The opening line of a eulogy can be a quote, a scripture verse or a sentence that will make the listeners pay attention. Below are examples of good and bad opening lines for a eulogy.
To everything there is a season, and the season of John’s life on this earth is now passed.
The fact that we are gathered here today is proof that sometimes God says “no”.
Thanks for coming. This is a sad day for all of us.
As you all know, John was a great guy.
There are many ways to be inspired about that all important opening line. If you are a religious person, you could read scriptures about life and death. You could scour books and Web sites for quotes from famous writers about death and coping with loss. You can also think about these questions: What is the one thing you want those in attendance to remember about his life? What is the one thing you would tell him if you had one more chance to do so?

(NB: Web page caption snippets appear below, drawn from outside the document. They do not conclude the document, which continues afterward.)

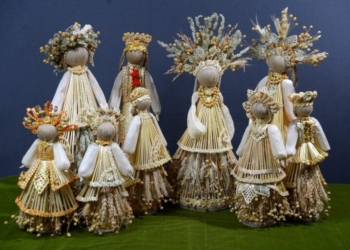 Тернополянка сама вирощує рослини для своїх ляльок із соломи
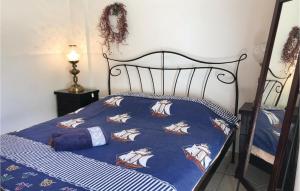 een slaapkamer met een bed met een blauw dekbed bij Lovely Apartment In Melissi Korinthia With Kitchen in Dhiminión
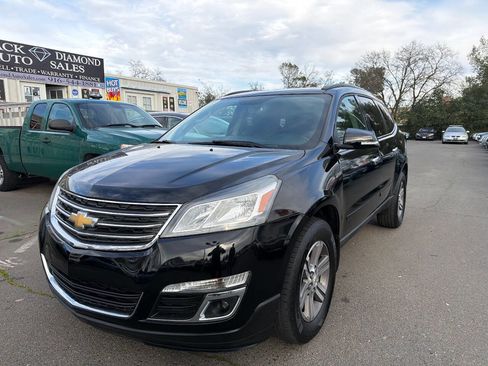 Used 2017 Chevrolet Traverse LT AWD/4WD image 3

Inspiration can be found in many places. You usually will not have a lot of time to put together a eulogy. Since you will likely only have a day or two, you should begin to think about the first line right away. Jot down any ideas that you have. It might be that some of those notes end up not being appropriate, but it is still a good idea to write down anything that inspires you.
You will likely find that once you have settled on the first line that the rest of the eulogy will flow much more easily. Begin the writing process by finding that first line. It will set the tone for the rest of the eulogy and, once selected, will make the rest of the writing process much smoother.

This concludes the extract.